# Hi from Vancouver - sulawesi shrimp and planted tank keeper



## rwong2k10

HI GTAAquaria,

My name's Ray and I'm from the Vancouver area. I visit the gta area about once per year on business and I have a few friends and family in the area. What brings me here is I've been doing some Sulawesi shrimp research and I've been keeping cardinals and looking in getting some more. There's a lot more active threads about them then in bcaquaria forums. I believe there's more breeders here than in the GVA area. I'm trying to locate some Sulawesi white orchids and yellow cheeks. My friend showed me a few stores, Aquainspiration, shrimpfever and I believe a store in pacific mall.

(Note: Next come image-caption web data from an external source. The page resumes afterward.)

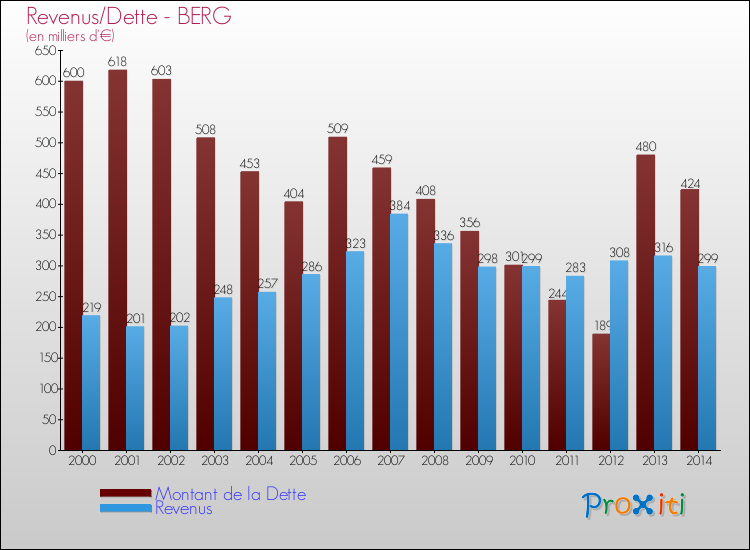 Evolution comparée de la dette et des revenus pour la commune de BERG de 2000 à 2014 Comparaison de la dette et des revenus pour BERG de 2000 à 2014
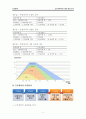 소득세,빈곤층,마케팅,브랜드,브랜드마케팅,기업,서비스마케팅,글로벌,경영,시장,사례,swot,stp,4p 6페이지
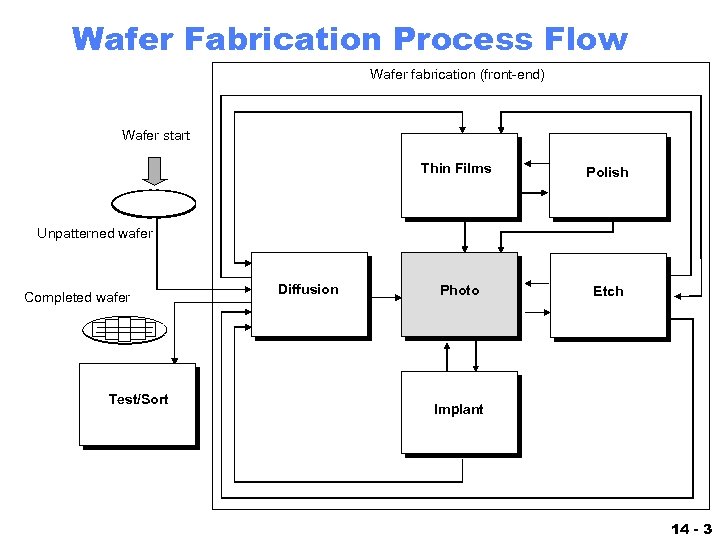 Wafer Fabrication Process Flow Wafer fabrication (front-end) Wafer start Thin Films Polish Photo Etch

I've been keeping planted aquariums for a while and here's a few photos of my current setup and my Sulawesi cardinals. Seems like some of the GTA's been getting them off people in Vancouver but unfortunately those people have disappeared off the forums.

Look forward to chatting with you.
Ray
Caridina dennerli by Raymond Wong, on Flickr

Caridina dennerli by Raymond Wong, on Flickr

Caridina dennerli by Raymond Wong, on Flickr
Caridina dennerli, by Raymond Wong, on Flickr
Caridina dennerli, by Raymond Wong, on Flickr

Jan 27th aqarium update by Raymond Wong, on Flickr


----------



## default

Welcome to the forum! Fantastic looking shrimps and tank!


----------



## tom g

*welcome*

welcome to the forum and hope the freshies and shrimp guys and gals can help u out ... your tank and stuff look awesome ...


----------



## rwong2k10

thanks for the warm welcome!

Caridina dennerli - today's snapshot, finally colouring up after moving them to their new tank 2 weeks ago
Caridina dennerli - Week 2 by Raymond Wong, on Flickr

Baby Yellow Rabbit Snail - Tylomelania

Baby Yellow Rabbit Snail - Tylomelania by Raymond Wong, on Flickr


----------



## planter

Welcome to the forum. Man that's a sweet planted tank. That's also a crazy light fixture over that tank.


----------